Offshore loading vessels have for many years employed drum winches to draw in and hold lines, particularly the long mooring lines used to anchor an offshore loading vessel to the sea bottom. As the depths where offshore loading vessels are used have increased, the drum winches used to draw in and store the mooring lines have been pushed toward their limits. This has occurred in two ways. First, the size of the winch permits it to hold between its end flanges only a certain number of wraps of a line having a given line diameter. This means that only a limited length of line can be accommodated before the winch simply becomes incapable of holding any further line that it may draw in. Second, as greater lengths of line are used and stored on the drum, the winch loses mechanical advantage and requires greater driving force in order to be turned. This need for greater driving force means greater wear and tear on motors, power trains, driving pinions and other components involved in turning the drum. It may also lead to breakdown.
Motors and other components can be upgraded. In certain situations, additional drive mechanisms can be added to upgrade existing drive mechanisms. All these solutions can involve one or more disadvantages. First, any changes in an existing drum mooring winch may result in throwing the original design out of balance and causing new problems. Also, it is normally quite expensive to move the entire offshore loading vessel to a shipyard or other such location for such work.
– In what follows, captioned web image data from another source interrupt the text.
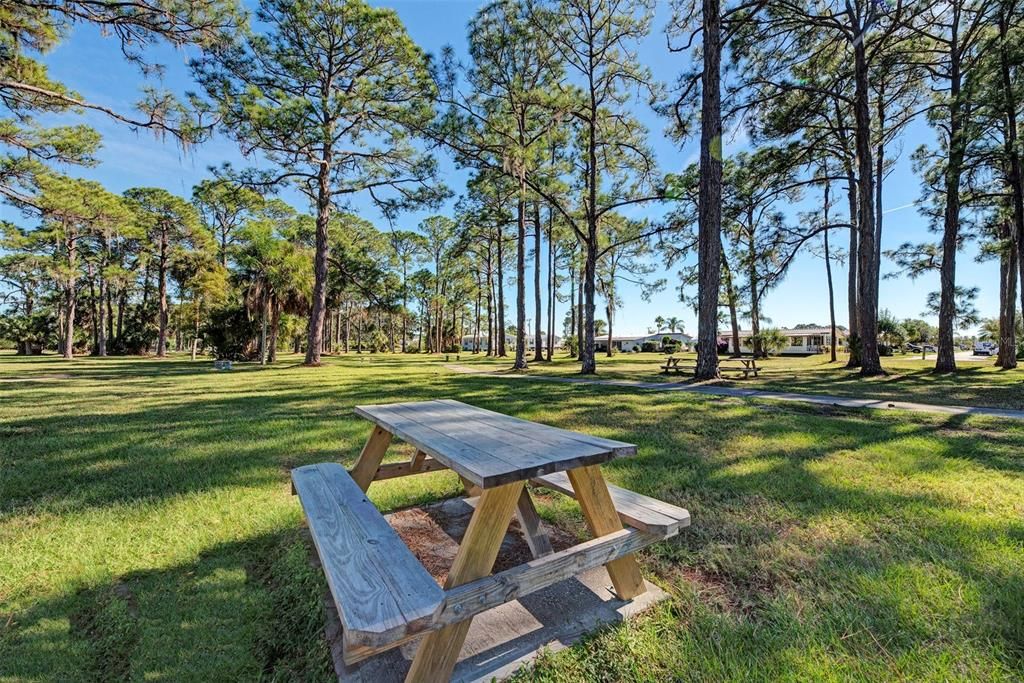 For Sale: $169,900 (2 beds, 2 baths, 1344 Square Feet)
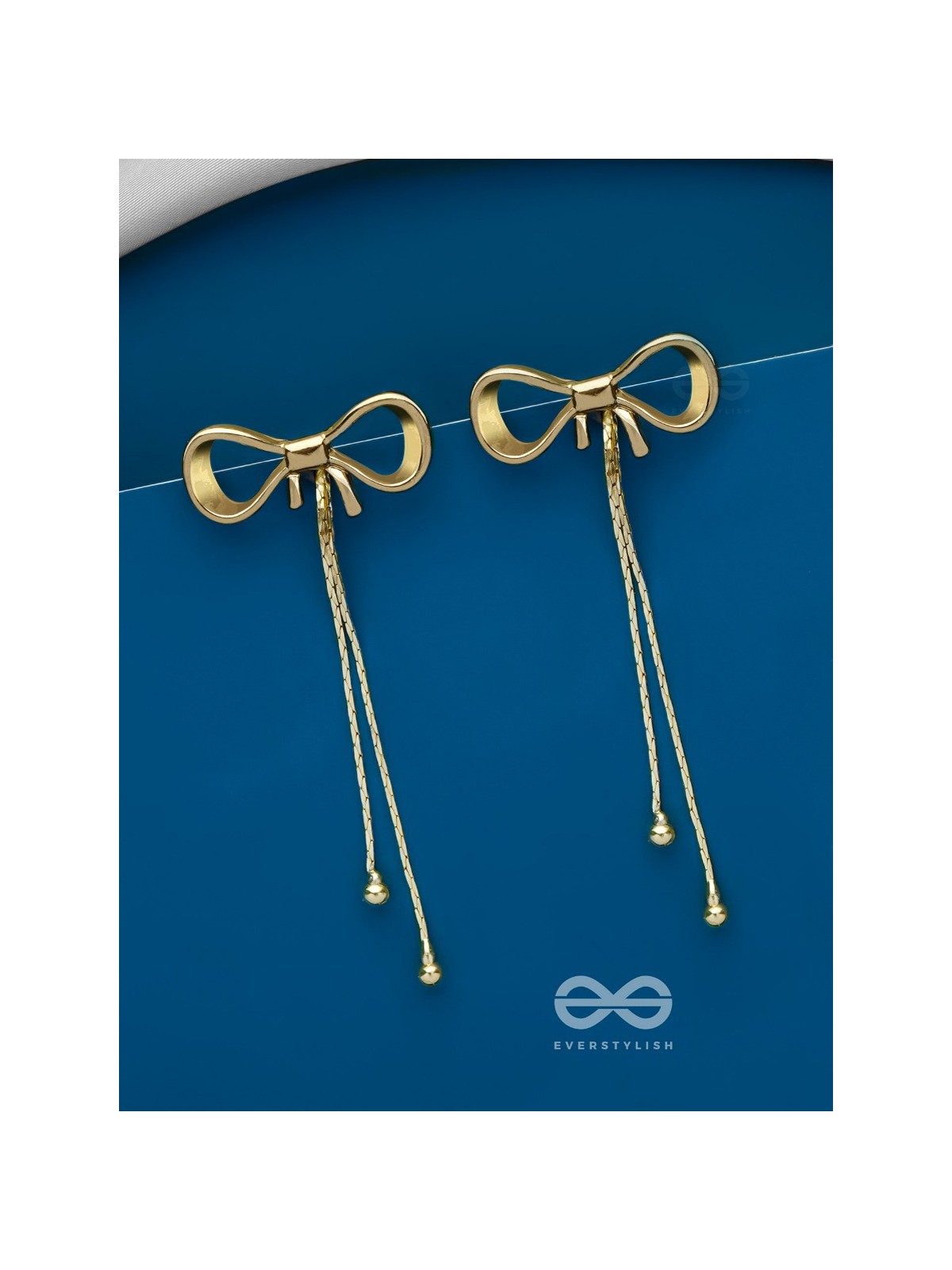THE MYSTICAL BOW - CLASSIC GOLDEN EARRINGS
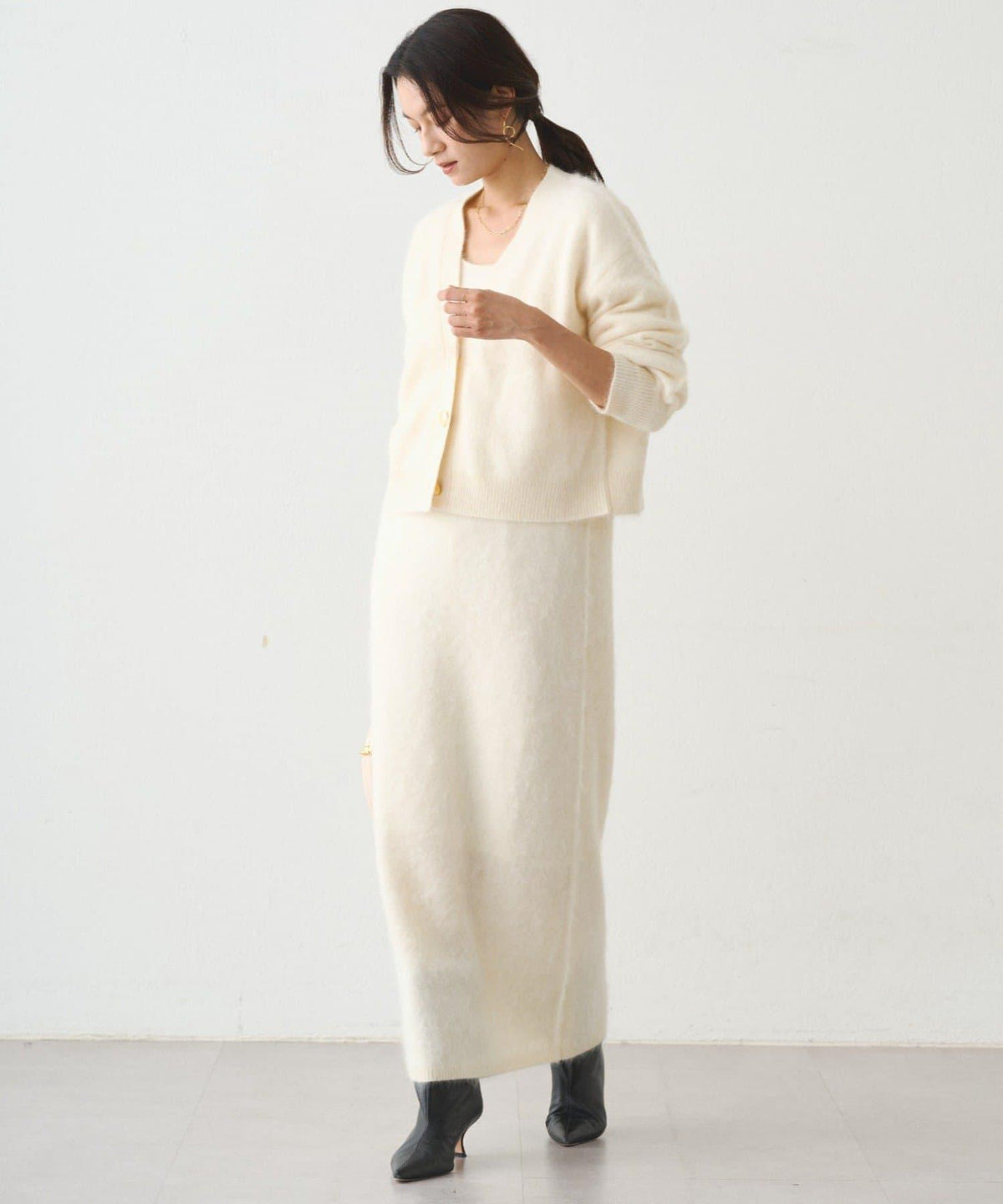 Loungedress 仿貂絨短款針織開衫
Further, if the drum winch alone is to be brought to the shipyard, it must be taken out of service, removed from its mounting, transported, upgraded, transported back, remounted and restored to service. Finally, if the upgrading work is done out on the offshore loading vessel, this must often be done under harsh conditions and with the limited resources available on the offshore loading vessel for moving heavy equipment. Thus, complex and elaborate winch upgrading work poses difficulties. Moreover, the design of drum winches, even if upgraded with adequate power, is such that they will always have a capacity limit based on their size and the amount of line they can hold.
Traction winches are a known solution to the problem of line capacity, because they need only hold a few wraps of line, feeding the line drawn in to a take-up reel. However, traction winches have two drums and a take-up reel, a fundamentally different design. They cannot be directly substituted for a drum winch in most situations. Installing the two drums for a traction winch can lead to significant reworking of the mounting and driving structures, with all the disadvantages mentioned above encountered in replacement or upgrading of a drum winch. It may also require accommodations for the way line loads and various other forces present at the traction winch differ from the forces applied by the replaced winch drum.
It would be desirable to find an effective and less complicated way to upgrade a drum winch to provide increased mooring capability.